Project

Profile

Help

Task #3121

closed

Simplify tracking of worker 'online' state

Added by dalley over 6 years ago. Updated over 4 years ago.

Status:
CLOSED - CURRENTRELEASE
Priority:
Normal
Assignee:
Category:
-
Sprint/Milestone:
Start date:
Due date:
% Done:

100%

Estimated time:
Platform Release:
Groomed:
Yes
Sprint Candidate:
Yes
Tags:
Sprint:
Sprint 34
Quarter:

Description

The "online" state of worker is currently dependent on two factors. The 'online' field, present on the Worker model, and also whether the last recorded heartbeat is within the timeout interval (30 seconds) of the present time. These two conditions are set in multiple different places, and the online status of the worker based upon those two values is evaluated in multiple different places.

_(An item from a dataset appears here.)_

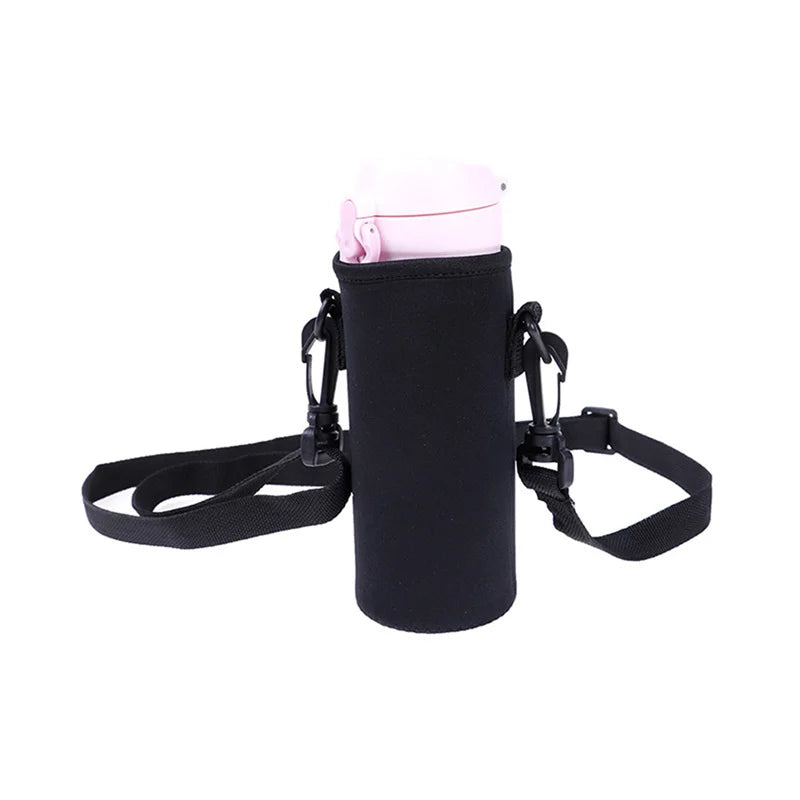 Portable Water Bottle Insulated Neoprene Holder Pouch Bag 420/550/750/1000/1500ml Shoulder With Adjustable Strap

I propose a few different changes to DRY this up.

The canonical reference for whether a worker is online (based on the multiple different criteria) should be a property on the worker model named "online". The field currently named "online" should be renamed to "gracefully_stopped". The "online" property should then check both the current-ness of the timestamp as well as the "gracefully_stopped" field The worker serializer should be updated to include both of these. Currently there exist several parts of the code which set or reference the "online" field, and these should be removed.

The "gracefully_stopped" field should be True only when the worker is shutdown via normal procedures. During operation, and after a hard-kill (e.g. OOM), this value should be false. The default value of this field should be "True", and it should be updated to "False" whenever "save_heartbeat()" is called for that worker, so that the value will be set to "False" during normal operation. It should be set to True as part of the shutdown sequence for the worker.


Related issues

Related to Pulp - Story #3143: As an authenticated user, I can filter workers.CLOSED - CURRENTRELEASEdalley

Actions
Actions #1

Updated by dalley over 6 years ago

  • Tags Pulp 3 added
Actions #2

Updated by dalley over 6 years ago

  • Description updated (diff)
Actions #3

Updated by bmbouter over 6 years ago

This story is well written, and the 'is_online' property changes all make perfect sense.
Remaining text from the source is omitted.